March 15, 2017

DPS Yvette 112 Foundation Skis

I’m not usually a pink person. In fact, nothing in my kit has even a hint of pink. So, when I decided to buy the DPS Yvette 112 Foundations I had some hesitations (hint: they’re pink and yellow), but I hoped their performance would make up for their girly demeanor. My first day riding them Mammoth had just received 17” of good ol’ Sierra Cement. As I descended the mountain I had to avoid the ever-growing minefield of skiers and boarders wallowing around in the quicksand-like snow. It was no hard task as these skis were some of the most responsive skis I had ever experienced. The amount of control they give you in more than a foot of untouched snow is unparalleled. The DPS Yvettes are so effortless to ski off-piste and in the trees, you would think that’s all they’re good for. You, my friend, would be wrong. The size and shape are easily maneuverable in the thick powder as well as any other snow you can find. When we were on Mt. Baldy Ski Lifts in Southern California for our avalanche course, we endured howling winds, ice-blown crud, and sunbaked mashed potatoes. If you have ever skied to the parking lot from the top of Mt Baldy, you understand when I say you can take these skis anywhere. To my great satisfaction, not once did the Yvettes disappoint… aaaaaand the pink is growing on me. I really look forward to the rest of this record-breaking season with my strawberry-lemonade Dope Powder Skis underfoot.

Review by Tess


DPS Wailer F112 Foundation Ski

There are so many different skis on the market these days, and “fat” skis seem to be what everyone wants to ride…regardless of the conditions. I recently spoke with a guy who says his 114mm underfoot skis are his “Daily Drivers” and I couldn’t help myself but let out a small chuckle. I had thought anything over 105 mm underfoot was just too difficult to ski in conditions not requiring a snorkel while you ski. That all changed when I got on the DPS Wailer 112s. I had always seen the famous DPS skis around Colorado and Utah resorts, and thought to myself: DPS must stand for Dope Powder Skis and got concerned when the conditions at Mt. Baldy Ski Lifts in Southern California were less than ideal for powder skis.

Believe it or not but the DPS Wailers will ski well in any conditions. There was enough camber underfoot to have control when navigating steep, hardpack slopes and in the afternoon, they handled great in the corn and mashed potatoes. I never felt like I got hung up in my turns even in the morning hard pack, and the bases held up as well; I definitely hit a few rocks and nothing went all they way to the core. I toured with them for about a half mile with BD Ascension Skins and had no problem breaking through the morning crud with all the weight. I would not recommend these as someone’s primary backcountry touring ski, too heavy for long approaches. (See the DPS Tour 1 review for a great backcountry ski) The added weight is great for resort skiers, I was able to ski these at Mammoth after their 20ft storm and these were the best powder skis I may have ever skied. Their damper is great for big lines and high speeds and they handled great on soft packed groomers.

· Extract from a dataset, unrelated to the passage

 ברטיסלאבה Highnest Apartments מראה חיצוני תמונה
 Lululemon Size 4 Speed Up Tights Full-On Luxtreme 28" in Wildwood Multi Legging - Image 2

In conclusion these skis are a great resort powder set-up and would be ideal for lift accessed backcountry, or short approaches. They handle every snow type from morning hardpack to spring corn. The DPS are a staple in every skier’s quiver.

Review by Justin


DPS Wailer 106 Tour 1 Skis


These things float. Seriously. It’s effortless. I couldn’t be more content with these skis. I got them as backcountry skis, and although I haven’t yet had the chance to do a full day skinning with them, I can already attest to how amazing they are. A little sidecountry hiking to find some untracked powder, and I’ve never had as much fun skiing. Turns link themselves, they stop on a dime, and they work in nearly any condition, crust to dust. Both skis with bindings are lighter than one of my resort skis without bindings. And despite their lightweight carbon construction, the Wailers don’t shy away from taking a beating. With hidden rocks, buried roots, and the occasional accidental friend skiing over my top sheet, these things have already seen their fair share of abuse (and they have the core shots to prove it). But with the amount of damage they have seen is not proportional to the crud they have put up with- they are astonishing.